* Your goal
Range to reproduce from the entries below: the line with "Télécharger le livre", the line with "网络配资炒股 酒泉农用氯化铵的价格", and every line in between. Give them exactly and give nothing else.

*** Input records Section Begins ***

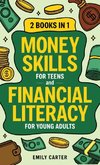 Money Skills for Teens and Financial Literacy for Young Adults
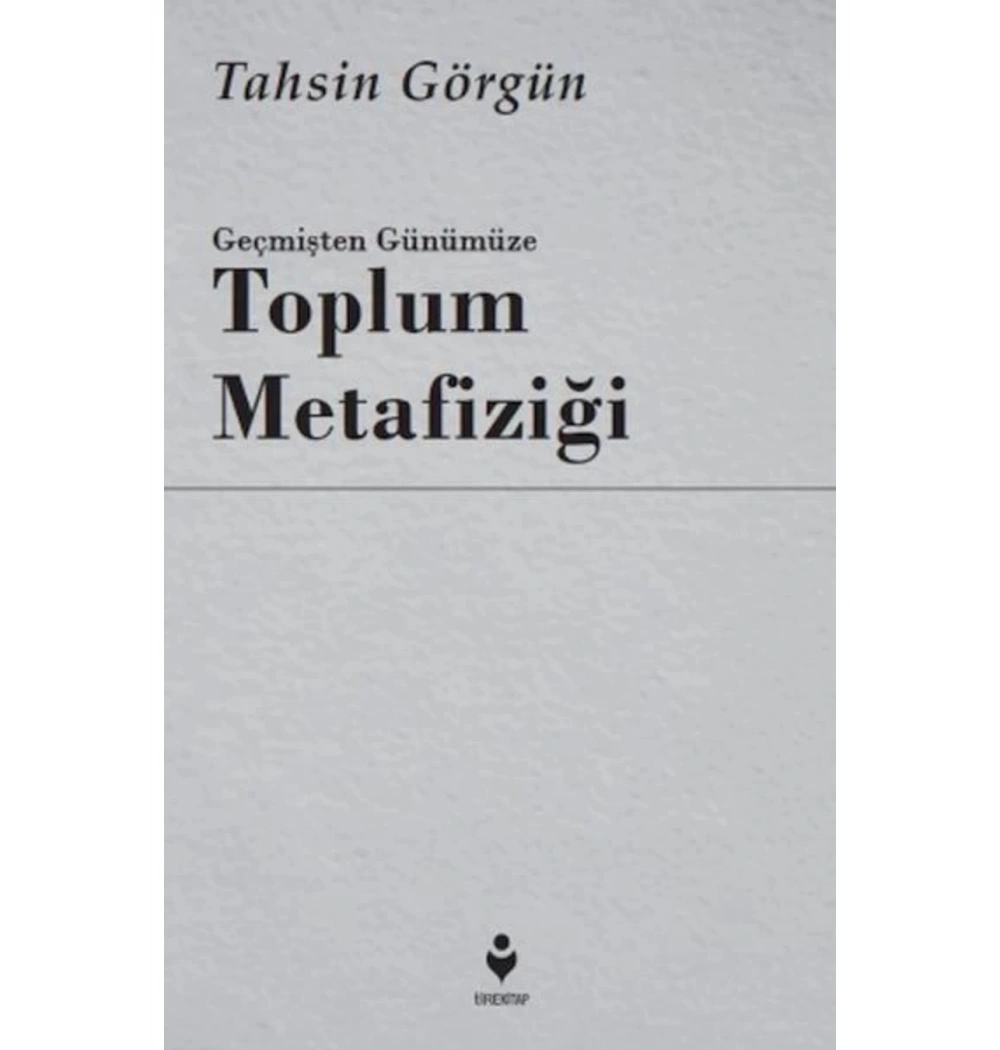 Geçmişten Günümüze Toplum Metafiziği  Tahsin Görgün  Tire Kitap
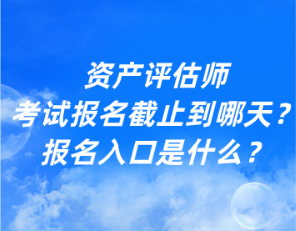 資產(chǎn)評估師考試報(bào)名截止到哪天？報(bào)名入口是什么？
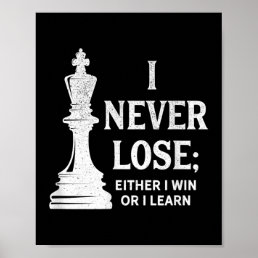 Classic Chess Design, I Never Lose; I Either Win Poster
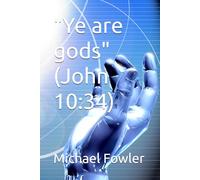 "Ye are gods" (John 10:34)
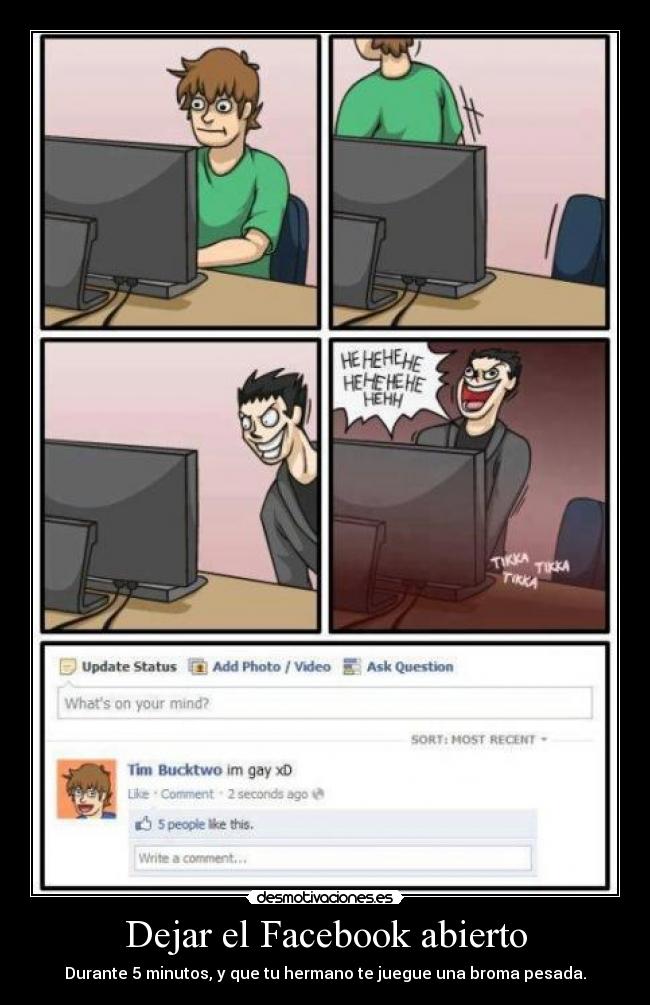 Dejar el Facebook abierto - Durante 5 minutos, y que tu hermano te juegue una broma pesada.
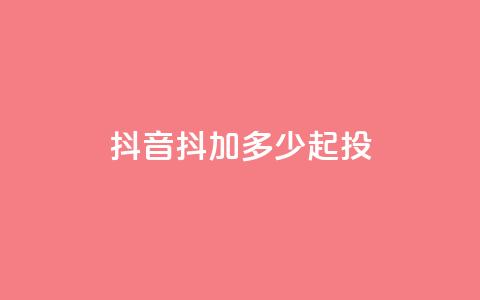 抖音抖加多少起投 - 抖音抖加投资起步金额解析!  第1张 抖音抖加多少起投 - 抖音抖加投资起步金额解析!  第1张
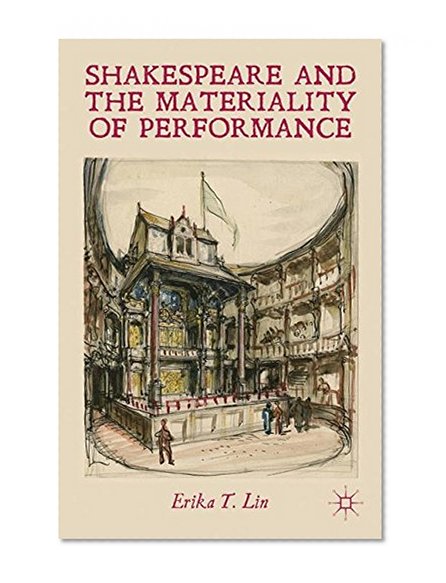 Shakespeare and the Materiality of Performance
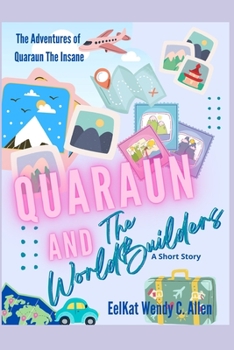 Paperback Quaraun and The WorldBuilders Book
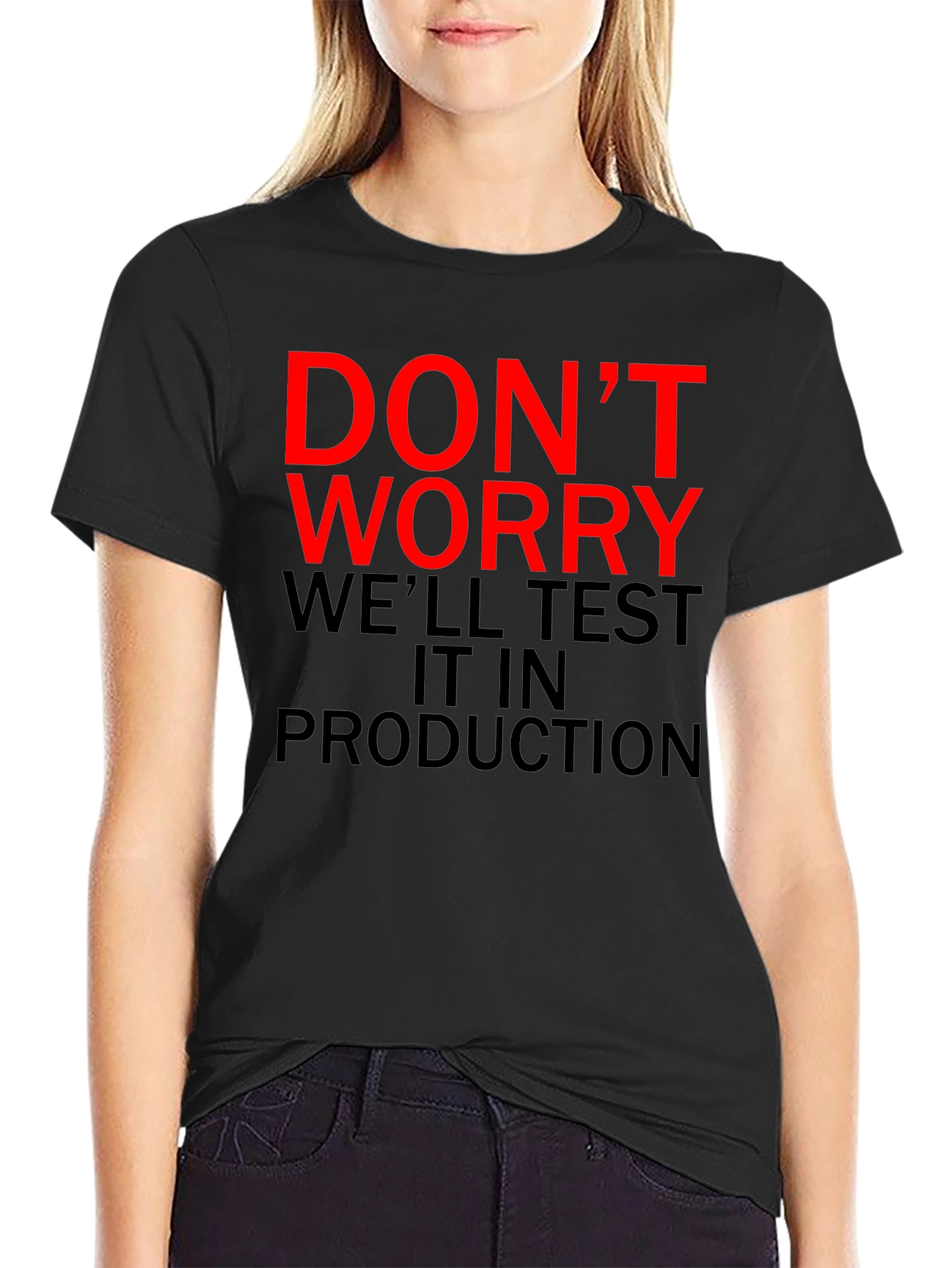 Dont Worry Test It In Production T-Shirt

*** Input records Section Ends ***
*** Input records Section Begins ***

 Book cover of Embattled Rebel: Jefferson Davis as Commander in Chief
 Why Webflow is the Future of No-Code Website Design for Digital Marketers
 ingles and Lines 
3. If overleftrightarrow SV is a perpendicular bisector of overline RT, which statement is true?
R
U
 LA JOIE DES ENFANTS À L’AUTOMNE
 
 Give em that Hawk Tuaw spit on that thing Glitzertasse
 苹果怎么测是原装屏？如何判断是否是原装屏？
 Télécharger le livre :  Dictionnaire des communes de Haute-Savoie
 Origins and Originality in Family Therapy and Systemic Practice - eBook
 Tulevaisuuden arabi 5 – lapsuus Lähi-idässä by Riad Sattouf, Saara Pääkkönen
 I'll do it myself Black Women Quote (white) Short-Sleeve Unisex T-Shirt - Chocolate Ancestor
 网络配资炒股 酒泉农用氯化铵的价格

*** Input records Section Ends ***

* Solution below
 Télécharger le livre :  Dictionnaire des communes de Haute-Savoie
 Origins and Originality in Family Therapy and Systemic Practice - eBook
 Tulevaisuuden arabi 5 – lapsuus Lähi-idässä by Riad Sattouf, Saara Pääkkönen
 I'll do it myself Black Women Quote (white) Short-Sleeve Unisex T-Shirt - Chocolate Ancestor
 网络配资炒股 酒泉农用氯化铵的价格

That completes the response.